Today, the FDA released its draft guidance on "Decentralized Clinical Trials for Drugs, Biological Products, and Devices". As the name implies it is aimed to provide guidance on developing new drug and biologic therapies, as well as digital health technologies (devices) within decentralized clinical trials (DCTs).  The background section notes that these trials "may enhance convenience for trial participants, reduce the burden on caregivers, and facilitate research on rare diseases and diseases affecting populations with limited mobility or access to traditional trial sites. This may help improve trial participant engagement, recruitment, enrollment, and retention of a meaningfully diverse clinical population."

Since there are no sites related to DCT, the draft guidance still recommends a physical location for record keeping, which can also serve as the location for review during regulatory inspections. Another section discusses the use of digital health technologies, their inclusion, use and data management. The guidance includes sections on sponsor, investigator and IRBs.  It also discusses dosing of drug and biologic therapies that ensure patient safety as a principle consideration.  Many more detail are in the guidance for anyone working in this space.

 

As with all draft guidance, the FDA has opened a public comment period (info at https://www.fda.gov/regulatory-information/search-fda-guidance-documents/decentralized-clinical-trials-drugs-biological-products-and-devices)

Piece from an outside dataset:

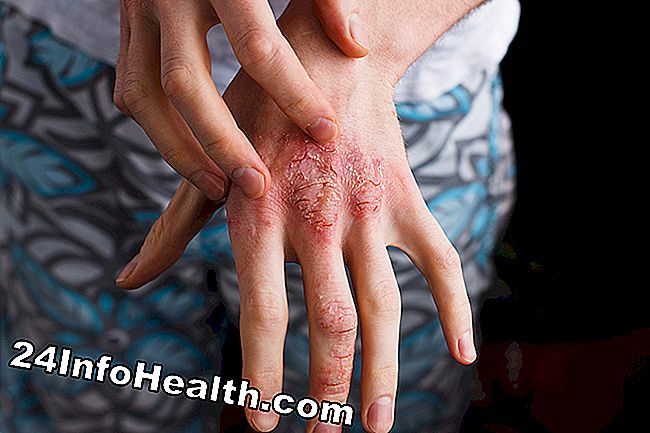 Het is een afbeelding van een persoon met eczeem (atopische dermatitis), die een bilaterale bovenste jeuk ervaart.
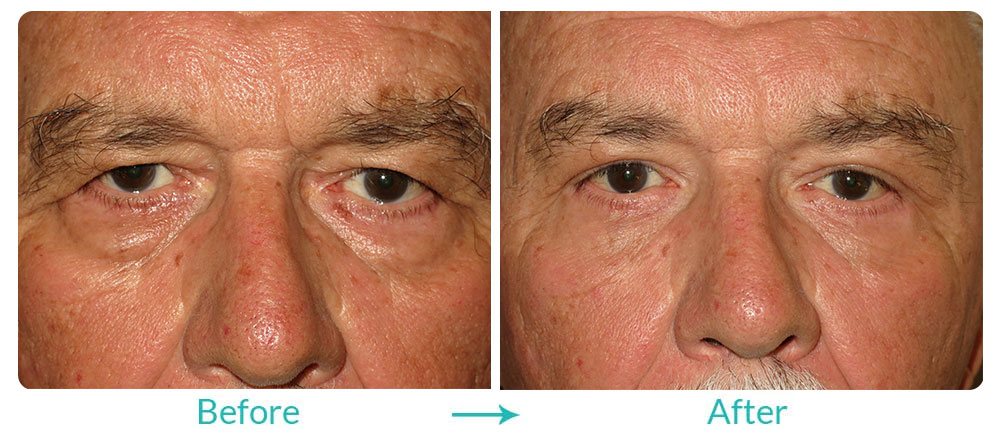 Case 140 blepharoplasty procedure california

MHRA Blog on ICH E6(R3) Good Clinical Practice guidance - Step 2 Public Consultation

Post-BREXIT, the UKs MHRA joined ICH as an independent body in May 2022.  This notification on the Agency's Blog provides an overview of the ICH plans for revision to the existing E6(R2) Good Clinical Practice Guidance.  It notes the MHRA's intent to "consult directly with UK stakeholders to compile and co-ordinate their comments to the EWG".

 Plans are in development for "a MHRA GCP Stakeholder Engagement Meeting ... to be held concerning this document during the consultation period"; providing a second pathway for comments to be provided to the Agency.